- Task description -
Scan the listing for the word "with" and report every line that contains it.

^^^^

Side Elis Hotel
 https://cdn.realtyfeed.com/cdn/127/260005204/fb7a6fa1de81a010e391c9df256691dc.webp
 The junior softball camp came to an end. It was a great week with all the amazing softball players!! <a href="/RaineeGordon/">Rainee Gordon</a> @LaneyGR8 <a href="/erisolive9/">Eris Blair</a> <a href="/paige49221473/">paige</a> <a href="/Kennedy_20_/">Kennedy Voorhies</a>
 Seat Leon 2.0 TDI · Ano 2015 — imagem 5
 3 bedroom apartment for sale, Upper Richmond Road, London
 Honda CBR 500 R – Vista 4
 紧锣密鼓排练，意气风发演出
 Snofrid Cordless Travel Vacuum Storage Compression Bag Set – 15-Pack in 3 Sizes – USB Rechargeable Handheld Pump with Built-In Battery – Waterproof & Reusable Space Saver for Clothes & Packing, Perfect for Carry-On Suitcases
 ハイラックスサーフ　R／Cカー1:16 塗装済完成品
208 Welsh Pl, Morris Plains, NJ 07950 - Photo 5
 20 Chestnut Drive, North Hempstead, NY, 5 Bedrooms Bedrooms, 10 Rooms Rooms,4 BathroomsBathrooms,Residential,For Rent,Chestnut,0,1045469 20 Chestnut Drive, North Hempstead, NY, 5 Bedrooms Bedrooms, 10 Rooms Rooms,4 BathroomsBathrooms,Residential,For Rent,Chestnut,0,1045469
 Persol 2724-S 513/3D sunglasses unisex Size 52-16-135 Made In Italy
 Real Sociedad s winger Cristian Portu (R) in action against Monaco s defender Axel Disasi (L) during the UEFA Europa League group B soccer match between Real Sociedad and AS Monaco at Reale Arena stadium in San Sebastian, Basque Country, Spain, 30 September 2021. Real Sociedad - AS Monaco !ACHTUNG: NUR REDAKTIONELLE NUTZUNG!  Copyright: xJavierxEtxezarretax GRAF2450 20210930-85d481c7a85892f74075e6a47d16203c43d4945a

^^^^

- Answer to the problem -
 The junior softball camp came to an end. It was a great week with all the amazing softball players!! <a href="/RaineeGordon/">Rainee Gordon</a> @LaneyGR8 <a href="/erisolive9/">Eris Blair</a> <a href="/paige49221473/">paige</a> <a href="/Kennedy_20_/">Kennedy Voorhies</a>
 Snofrid Cordless Travel Vacuum Storage Compression Bag Set – 15-Pack in 3 Sizes – USB Rechargeable Handheld Pump with Built-In Battery – Waterproof & Reusable Space Saver for Clothes & Packing, Perfect for Carry-On Suitcases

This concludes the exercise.